Une minorité de la commission (de Courten, Aeschi Thomas, Amaudruz, Glarner, Herzog Verena, Rösti, Schläpfer) propose de rejeter la motion.
Begründung
Les offres externes visant à décharger les parents d'enfants en situations de handicap correspondent souvent à la définition d'un home (art. 35ter RAI). Lorsque le séjour en home est financé par les pouvoirs publics, il n'y a pas de droit à une API pour les jours en question. Si les coûts sont à la charge des parents, les enfants conservent leur droit à l'API (art. 35bis, al. 2ter, RAI). C'est juste, car dans ce cas ce sont les parents qui financent la prise en charge de leur enfant. Ils peuvent alors utiliser l'API à cet effet.
Cette logique, qui ressort aussi des explications relatives à l'ordonnance sur l'amélioration de la conciliation entre activité professionnelle et prise en charge de proches (ci-après "ordonnance"), est en contradiction avec la pratique de l'administration introduite début 2021. Selon celle-ci, l'API est réduite à un quart lorsque les parents couvrent eux-mêmes les coûts du séjour en home.
Le Conseil fédéral a confirmé cette pratique dans sa réponse à la question 22.7077. L'argument de l'égalité de traitement avancé par le Conseil fédéral (dans le cas d'une API faible pour l'entretien des contacts sociaux, la personne assurée a droit à un quart de l'API lors d'un séjour qui a pour but des mesures de réadaptation) ne convainc pas. La réduction de l'API dans le cas d'un séjour en home dont les coûts sont couverts par les parents de l'enfant n'est pas justifiée, puisque contrairement aux parents d'enfants placés dans une institution à titre de mesures de réadaptation, ces parents-là assument le total des coûts des soins et de la prise en charge. On ne peut donc en aucun cas parler d'égalité de traitement en la matière.

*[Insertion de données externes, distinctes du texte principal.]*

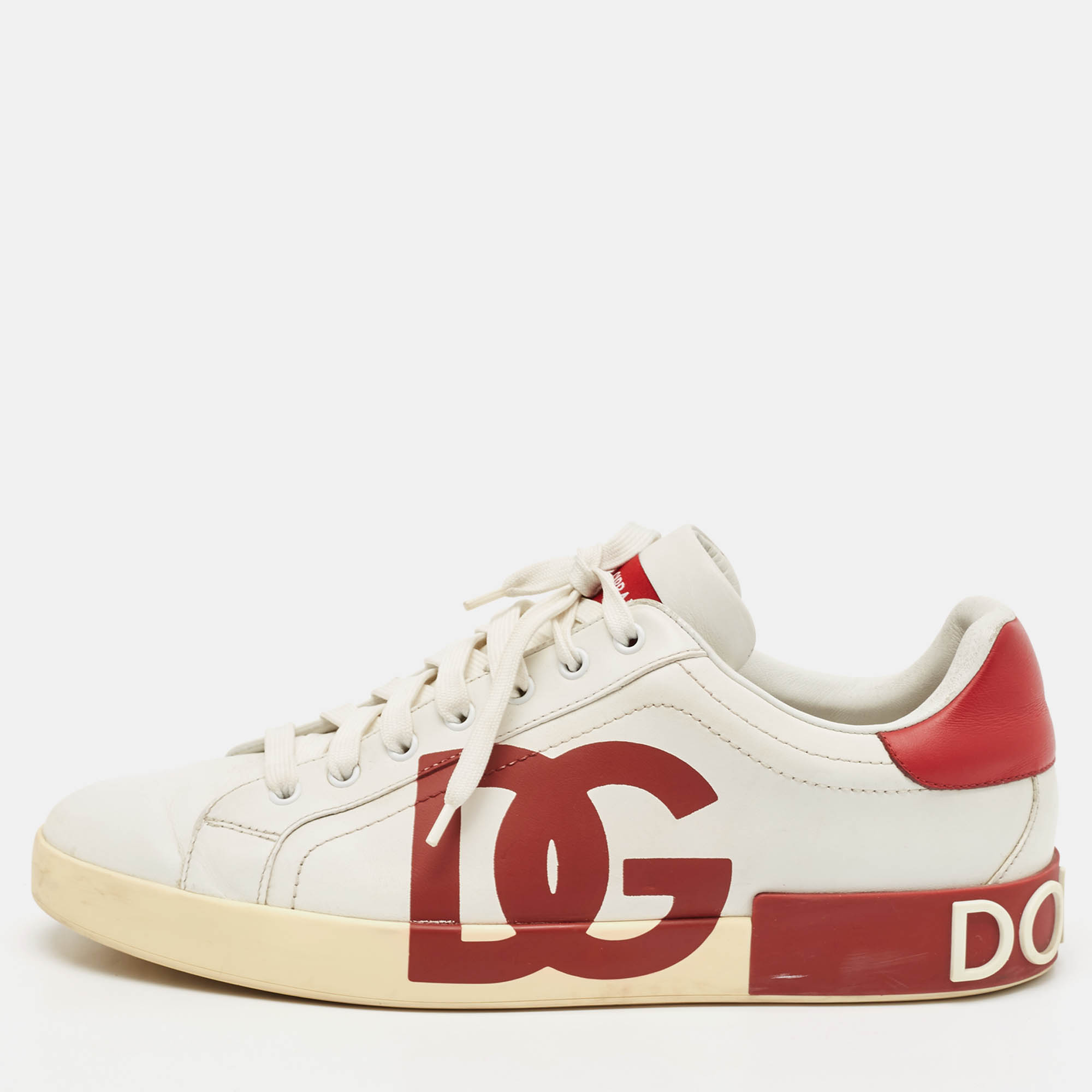 

Dolce & Gabbana White/Burgundy Leather Portifino Sneakers Size 44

Les obstacles à l'utilisation d'offres destinées à décharger les parents, à l'image de cette réduction substantielle de l'API, devraient être supprimés. Ces offres soutiennent les parents d'enfants en situation de handicap dans la prise en charge et les soins exigeants dont ils doivent s'acquitter au quotidien, ménagent de l'espace et du temps pour se consacrer aux frères et soeurs de l'enfant concerné et sont extrêmement importantes pour éviter que ces personnes ne s'épuisent à la tâche. A long terme, cette aide permet également aux parents de conserver leur capacité de gain et d'éviter le placement des enfants en home ou hors du foyer familial de manière permanente. Comme l'indique lui-même le Conseil fédéral dans ses explications relatives à l'ordonnance, les coûts supplémentaires sont supportables. Pour les familles concernées en revanche, les offres visant à décharger les proches aidants et l'allocation pour impotent ont une grande importance, de sorte que l'API devrait être versée sans réduction, lors de séjours en home financés par les parents des enfants concernés.
Antrag des Bundesrates
Le Conseil fédéral propose d'accepter la motion.
Stellungnahme des Bundesrates
Le Conseil fédéral propose d'accepter la motion.